Q: Anything else you think we should know about precision rifle shooting from a beginner’s perspective?
Adam Pini: Just the overall support of the precision rifle shooting community. Everybody wants you to succeed. That’s what first drew me in. I showed up to the first match and there were people coming up to me offering help and encouragement. I found that if you didn’t have the gear, someone would come up and lend you it to complete a stage.
The family and the community that the precision rifle shooting world is…I don’t think there’s another shooting community like it. There’s no ego. You’ll see dudes that are in the top 1, 2 or 3 coming up and helping out absolute beginners who are participating in their very first match.

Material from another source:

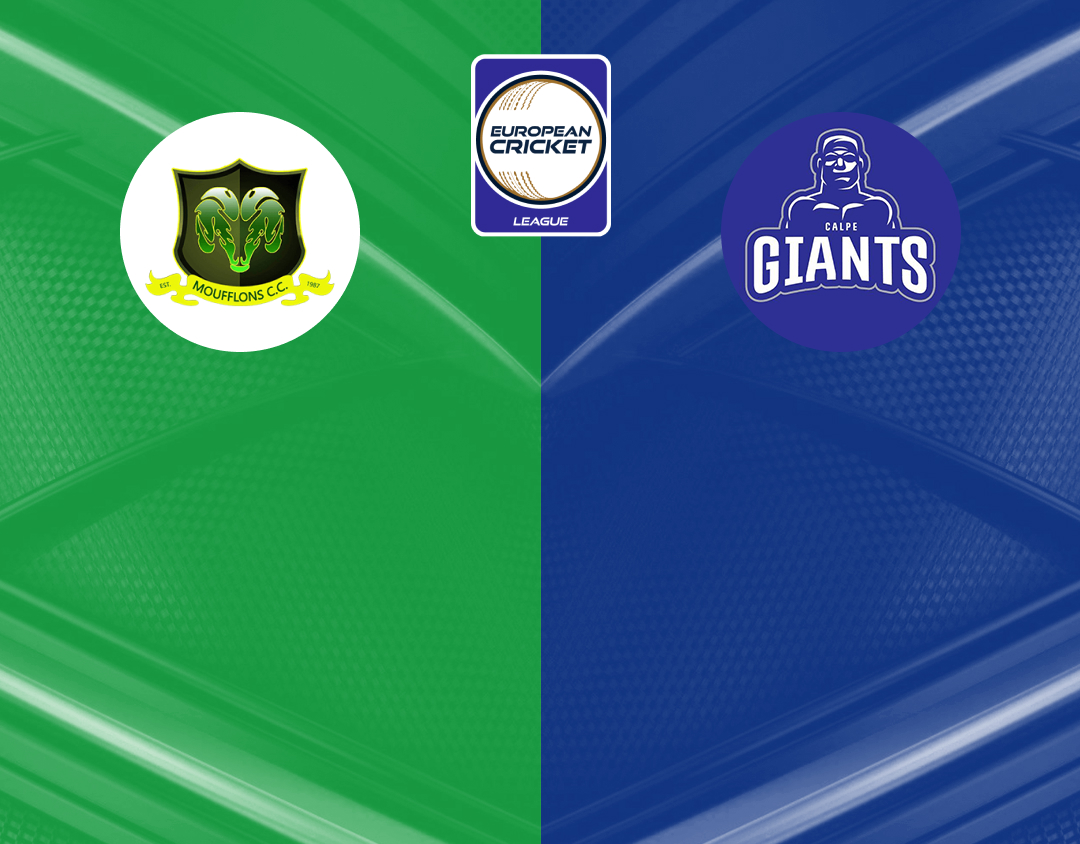 Match #92 of european cricket league, 2024: moufflons vs calpe giants banner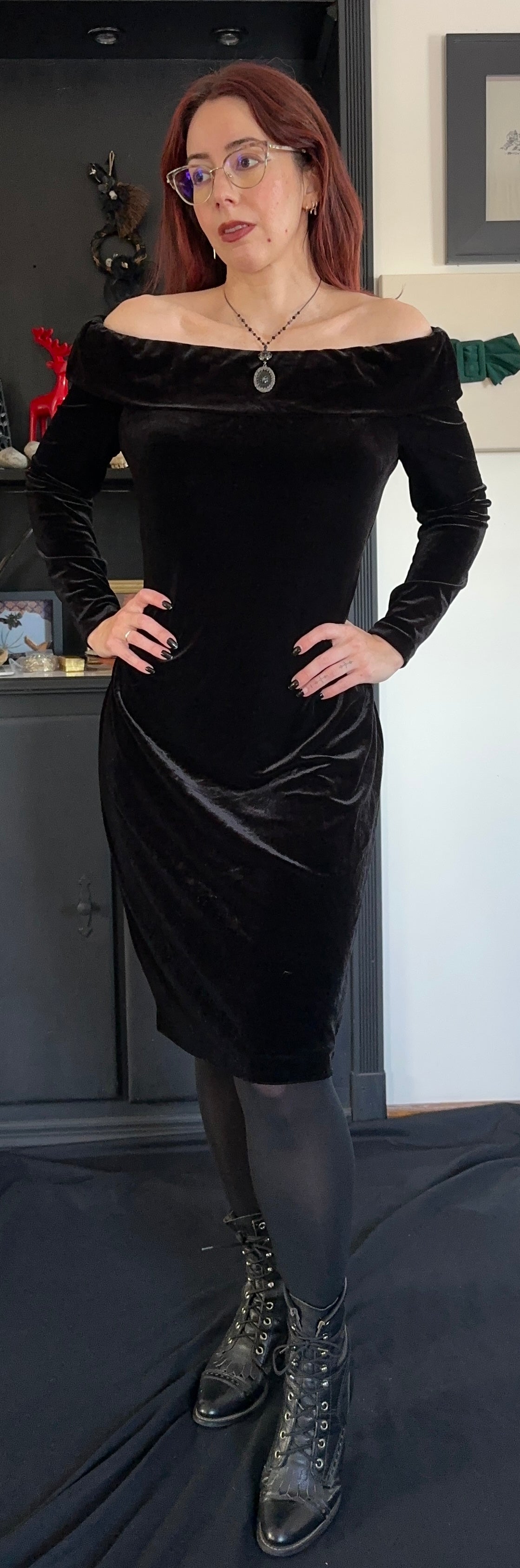 Calvin Klein Velvet Off-The-Shoulder Dress SZ 12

That’s huge. In all my years shooting, I’ve never seen a group more welcoming and open as this is.
“Borrow a gun if you have to”
Just come out and do it. Borrow a gun if you have to, borrow some gear and come on out. I’ll go out and see guys shooting with their Colt 6920s…and to me, that’s badass. If you’re out there doing it, that’s better than the guy that’s sitting there at home, watching on YouTube, thinking its cool, but not being motivated enough to come on out and give it a try.
Just pay a match fee, sign up, find somebody there and say “hey I don’t know what I’m doing” and somebody will help you. That’s what I did, and everybody there was super helpful. I didn’t know how the match flow worked, I didn’t know how they scored stages…but they were just so welcoming.
Q: Wrapping up, any recommendations on where we can learn more if we’re interested in this kind of shooting, and also where can we go to follow you?
Adam Pini: For beginners who want to learn more about precision rifle shooting, I always recommend Sniper’s Hide. That’s kind of like THE forum for precision rifle shooting. For me, I have an athlete page on Facebook, and I am also on Instagram.
Finally, if I could, I’d just like to thank my sponsors that are allowing me to chase this silly little dream right now. GCP Rifle Company, Ultimatum Precision, MDT, Leupold, International Barrels, Col-Tac, KGmade Suppressors, Big Daddy Unlimited…if it wasn’t for their generosity and them seeing something in me, I couldn’t do it, and then I again have to mention the support of my wife. Without that collective support, I couldn’t do this…I wouldn’t be anything without them. Not that I think I’m great. There’s certainly plenty of people out there that are far better than me…but I’m trying. (laughs).